Passing a constitutionally suspect election law shortly before voters head to the polls invites confusion for election officials, uncertainty for candidates, and litigation risk for the state. It also places courts in an impossible position: forced to choose between intervening in active elections or allowing potentially unconstitutional results to stand. What happens if the Supreme Judicial Court needs to strike this law weeks or even days before the 2026 election? Even some of the bill’s sponsors expressed these concerns during the January 30th public hearing.
This law passing now could cause a full blown electoral crisis in Maine, even with multiple different candidates declaring themselves governor based on different potential electoral systems. It almost seems like the legislature is choosing to pass this constitutionally suspect law now to pressure Governor Mills to pass it due to her upcoming senate primary, due to the support among progressive democrats for the reform.
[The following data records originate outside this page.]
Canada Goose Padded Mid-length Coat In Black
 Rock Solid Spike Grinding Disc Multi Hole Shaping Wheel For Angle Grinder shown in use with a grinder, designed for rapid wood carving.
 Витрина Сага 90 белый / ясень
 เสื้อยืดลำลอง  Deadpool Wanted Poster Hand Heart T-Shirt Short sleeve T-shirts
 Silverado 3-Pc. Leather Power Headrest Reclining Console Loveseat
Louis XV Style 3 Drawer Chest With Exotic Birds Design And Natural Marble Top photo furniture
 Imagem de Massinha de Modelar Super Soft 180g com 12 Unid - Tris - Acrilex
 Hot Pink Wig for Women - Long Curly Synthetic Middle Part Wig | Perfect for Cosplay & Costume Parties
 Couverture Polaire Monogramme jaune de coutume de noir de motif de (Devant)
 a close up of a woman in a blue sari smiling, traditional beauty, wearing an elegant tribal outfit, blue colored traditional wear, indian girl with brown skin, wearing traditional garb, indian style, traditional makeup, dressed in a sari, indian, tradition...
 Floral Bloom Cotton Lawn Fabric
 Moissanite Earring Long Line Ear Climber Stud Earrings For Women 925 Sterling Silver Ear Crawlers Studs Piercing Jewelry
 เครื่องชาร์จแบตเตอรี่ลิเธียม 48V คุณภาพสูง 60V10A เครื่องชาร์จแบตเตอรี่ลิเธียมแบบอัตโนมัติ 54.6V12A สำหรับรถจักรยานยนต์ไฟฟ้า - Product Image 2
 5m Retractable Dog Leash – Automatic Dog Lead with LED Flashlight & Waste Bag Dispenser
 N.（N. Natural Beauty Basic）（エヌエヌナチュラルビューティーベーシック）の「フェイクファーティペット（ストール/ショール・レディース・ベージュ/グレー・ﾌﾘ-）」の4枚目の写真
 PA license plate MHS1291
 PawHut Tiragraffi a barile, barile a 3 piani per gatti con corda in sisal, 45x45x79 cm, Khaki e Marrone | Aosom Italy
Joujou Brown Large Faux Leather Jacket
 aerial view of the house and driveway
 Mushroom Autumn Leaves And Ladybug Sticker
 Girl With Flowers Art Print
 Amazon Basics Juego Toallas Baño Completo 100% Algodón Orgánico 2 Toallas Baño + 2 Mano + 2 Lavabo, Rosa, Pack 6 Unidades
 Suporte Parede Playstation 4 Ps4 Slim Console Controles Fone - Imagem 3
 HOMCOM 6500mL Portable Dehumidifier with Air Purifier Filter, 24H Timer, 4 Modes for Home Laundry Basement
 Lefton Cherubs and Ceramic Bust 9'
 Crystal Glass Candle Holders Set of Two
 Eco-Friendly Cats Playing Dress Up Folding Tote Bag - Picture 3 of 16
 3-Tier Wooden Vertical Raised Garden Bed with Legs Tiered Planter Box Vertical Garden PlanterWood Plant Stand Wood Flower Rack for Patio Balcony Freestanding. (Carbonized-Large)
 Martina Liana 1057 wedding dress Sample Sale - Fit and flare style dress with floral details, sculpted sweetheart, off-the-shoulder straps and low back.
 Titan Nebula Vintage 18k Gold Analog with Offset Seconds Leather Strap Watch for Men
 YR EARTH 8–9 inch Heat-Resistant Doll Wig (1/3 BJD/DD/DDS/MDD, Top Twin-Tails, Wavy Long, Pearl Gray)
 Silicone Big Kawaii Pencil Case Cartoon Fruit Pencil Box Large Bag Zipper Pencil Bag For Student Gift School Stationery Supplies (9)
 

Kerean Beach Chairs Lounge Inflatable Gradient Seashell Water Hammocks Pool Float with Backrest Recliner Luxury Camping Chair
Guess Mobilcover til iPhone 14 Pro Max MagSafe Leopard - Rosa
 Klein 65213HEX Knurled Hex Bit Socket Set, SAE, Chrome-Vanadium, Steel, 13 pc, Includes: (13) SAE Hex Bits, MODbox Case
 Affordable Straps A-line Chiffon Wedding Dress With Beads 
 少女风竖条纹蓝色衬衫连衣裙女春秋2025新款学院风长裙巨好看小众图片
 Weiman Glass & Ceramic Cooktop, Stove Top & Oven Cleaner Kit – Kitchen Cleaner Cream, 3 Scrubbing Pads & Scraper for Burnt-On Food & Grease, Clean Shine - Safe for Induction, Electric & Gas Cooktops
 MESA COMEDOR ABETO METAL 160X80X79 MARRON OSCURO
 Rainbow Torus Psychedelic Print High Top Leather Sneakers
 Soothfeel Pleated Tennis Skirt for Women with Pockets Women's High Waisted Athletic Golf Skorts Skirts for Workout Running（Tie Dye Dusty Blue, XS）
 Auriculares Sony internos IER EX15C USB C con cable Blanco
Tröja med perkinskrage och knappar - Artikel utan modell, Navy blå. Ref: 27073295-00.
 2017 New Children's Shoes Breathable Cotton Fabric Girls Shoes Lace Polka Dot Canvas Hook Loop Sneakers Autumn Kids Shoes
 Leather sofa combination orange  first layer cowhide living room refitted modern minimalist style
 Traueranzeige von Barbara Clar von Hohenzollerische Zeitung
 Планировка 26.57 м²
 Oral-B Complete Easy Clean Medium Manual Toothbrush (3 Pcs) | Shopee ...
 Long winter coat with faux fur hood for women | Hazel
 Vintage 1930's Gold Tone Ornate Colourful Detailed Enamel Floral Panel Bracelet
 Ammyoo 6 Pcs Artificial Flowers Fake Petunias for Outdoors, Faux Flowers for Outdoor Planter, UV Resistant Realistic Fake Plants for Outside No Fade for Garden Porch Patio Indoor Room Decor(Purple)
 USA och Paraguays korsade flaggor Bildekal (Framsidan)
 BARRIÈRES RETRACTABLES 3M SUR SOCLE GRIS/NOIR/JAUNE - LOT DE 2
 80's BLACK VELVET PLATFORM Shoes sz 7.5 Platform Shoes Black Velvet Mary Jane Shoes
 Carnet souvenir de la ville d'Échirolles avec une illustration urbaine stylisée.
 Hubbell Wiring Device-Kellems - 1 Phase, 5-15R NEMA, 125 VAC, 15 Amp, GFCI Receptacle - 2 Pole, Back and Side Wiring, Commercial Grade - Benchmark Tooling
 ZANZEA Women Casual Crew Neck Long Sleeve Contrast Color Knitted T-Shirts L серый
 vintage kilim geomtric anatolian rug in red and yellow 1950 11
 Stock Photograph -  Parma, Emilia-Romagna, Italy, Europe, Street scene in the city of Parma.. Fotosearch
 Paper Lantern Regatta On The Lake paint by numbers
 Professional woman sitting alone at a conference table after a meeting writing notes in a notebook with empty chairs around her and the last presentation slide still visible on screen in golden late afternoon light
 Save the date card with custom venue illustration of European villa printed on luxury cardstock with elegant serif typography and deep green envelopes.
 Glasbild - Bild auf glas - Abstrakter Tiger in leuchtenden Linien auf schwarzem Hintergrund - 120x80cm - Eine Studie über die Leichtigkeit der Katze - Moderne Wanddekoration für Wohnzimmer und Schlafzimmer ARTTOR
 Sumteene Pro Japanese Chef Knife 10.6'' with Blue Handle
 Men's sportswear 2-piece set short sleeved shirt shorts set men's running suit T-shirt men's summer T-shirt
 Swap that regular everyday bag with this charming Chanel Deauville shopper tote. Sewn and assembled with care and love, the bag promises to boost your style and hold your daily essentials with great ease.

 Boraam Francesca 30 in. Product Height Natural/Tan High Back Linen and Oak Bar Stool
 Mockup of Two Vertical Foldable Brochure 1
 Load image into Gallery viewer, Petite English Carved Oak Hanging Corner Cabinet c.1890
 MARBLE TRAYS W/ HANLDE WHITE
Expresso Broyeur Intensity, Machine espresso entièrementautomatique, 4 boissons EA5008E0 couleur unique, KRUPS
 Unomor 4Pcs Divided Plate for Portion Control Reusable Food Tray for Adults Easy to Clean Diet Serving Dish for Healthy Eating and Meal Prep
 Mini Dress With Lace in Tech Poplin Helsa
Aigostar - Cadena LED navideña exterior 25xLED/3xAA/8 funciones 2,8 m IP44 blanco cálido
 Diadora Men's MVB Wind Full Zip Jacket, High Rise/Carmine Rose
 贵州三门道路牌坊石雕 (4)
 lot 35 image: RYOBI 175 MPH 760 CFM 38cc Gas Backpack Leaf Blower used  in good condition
This is not how responsible election governance works. Maine’s plurality rule was designed precisely to avoid this kind of post-hoc uncertainty, and laws shouldn’t be passed simply because of inter-politician pressure plays.
Why a New Solemn Occasion is Unnecessary and Misplaced
In response to constitutional objections, legislative leaders now propose requesting a new advisory opinion from the Maine Supreme Judicial Court before final Senate action. That move is being framed as prudence. In reality, it is an attempt to re-litigate a question that has already been answered.
Advisory opinions are meant to clarify unsettled constitutional questions, not to invite the Court to reverse itself because legislators dislike the answer they previously received. Asking whether the Constitution now permits what it plainly forbade in 2017, absent any constitutional amendment, places the Court in the position of acting as a political escape hatch rather than a constitutional referee.
Moreover, the rationale offered by supporters – that ranked-choice voting has become more familiar or more widely used – is legally irrelevant. Constitutional meaning does not evolve based on administrative comfort or popular acclimation. If experience alone could override constitutional constraints, amendments would be unnecessary.
Requesting a solemn occasion under these circumstances risks weakening the advisory process itself. It signals that advisory opinions are provisional suggestions, subject to reconsideration whenever political pressure builds, rather than authoritative constitutional guidance. That undermines separation of powers and encourages future legislatures to treat constitutional limits as negotiable.
A Choice Still Remains for Maine’s Senate and Governor
The Senate has not yet enacted this law. The Legislature can still pause, and accept the validity of the explicit and clear previous decision by the Maine Supreme Judicial Court, and simply decline to pass it again.
And if LD 1666 reaches her desk, Governor Mills faces the same choice she did in June 2025. The law’s legal reasoning has not changed. The Constitution has not changed. The Legislature’s failure to address the problem has only made the risk more acute.
Conclusion
The issue is no longer just ranked-choice voting. It is whether Maine’s Legislature will respect constitutional boundaries, or knowingly legislate past them and hope the courts will sort it out later.
That is not good governance. That is not respect for separation of powers. And it is not how election law should be made.
LD 1666 should not advance further. And if it does, it should be vetoed – again.